The authority hereby conferred by this resolution shall expire at the earlier of the close of the AGM of the Company held in 2020 or 14 August 2020, unless previously renewed, varied or revoked, provided that the Company may make an offer or agreement to purchase shares under this authority before the expiry of this authority, and concluded in whole or in part after the expiry of this authority."
11. To consider and, if thought fit, pass the following as a special resolution:
"That, for the purposes of Section 1078 of the Companies Act 2014, the re-issue price range at which any treasury shares³ (as defined by the said Section 1078) for the time being held by the Company may be re-issued off-market shall be as follows:
(i) the maximum price at which a treasury share may be re-issued off-market shall be an amount equal to 120% of the "appropriate price"; and
(ii) the minimum price at which a treasury share may be re-issued off-market shall be the nominal value of the share where such share is required to satisfy an obligation under an employees' share scheme (as defined in the Companies Act 2014) operated by the Company or, in all other cases, an amount equal to 95% of the appropriate price.

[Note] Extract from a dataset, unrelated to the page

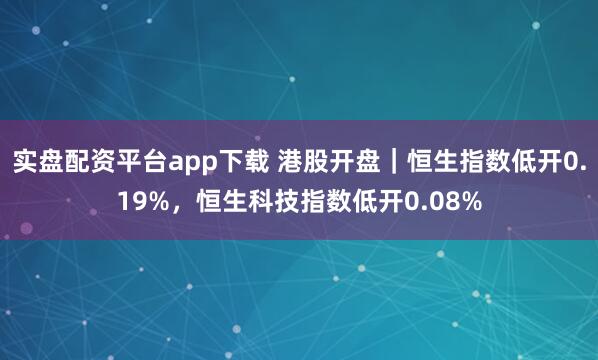 实盘配资平台app下载 港股开盘｜恒生指数低开0.19%，恒生科技指数低开0.08%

For the purposes of this resolution the expression "appropriate price" shall mean the average of the five amounts resulting from determining whichever of the following (1), (2) or (3) specified below in relation to shares of the class of which such treasury share is to be re-issued shall be appropriate in respect of each of the five business days immediately preceding the day on which the treasury share is re-issued, as determined from information published in the Euronext Dublin Daily Official List or the London Stock Exchange Daily Official List, as may be determined by the Directors of the Company, reporting the business done in each of those five business days:
(1) if there shall be more than one dealing reported for the day, the average of the prices at which such dealings took place; or
(2) if there shall be only one dealing reported for the day, the price at which such dealing took place; or
(3) if there shall not be any dealing reported for the day, the average of the high or low market guide prices for the day; and if there shall be only a high (but not a low) or a low (but not a high) market guide price reported, or if there shall not be any market guide price reported, for any particular day then that day shall not count as one of the said five business days for the purposes of determining the appropriate price. If the means of providing the foregoing information as to dealings and prices by reference to which the appropriate price is to be determined is altered or is replaced by some other means, then the appropriate price shall be determined on the basis of the equivalent information published by the relevant authority in relation to dealings on Euronext Dublin or the London Stock Exchange or its equivalent.
The authority hereby conferred by this resolution shall expire at the earlier of the close of the AGM of the Company held in 2020 or 14 August 2020, unless previously renewed or varied, in accordance with the provisions of Section 1078 of the Companies Act 2014."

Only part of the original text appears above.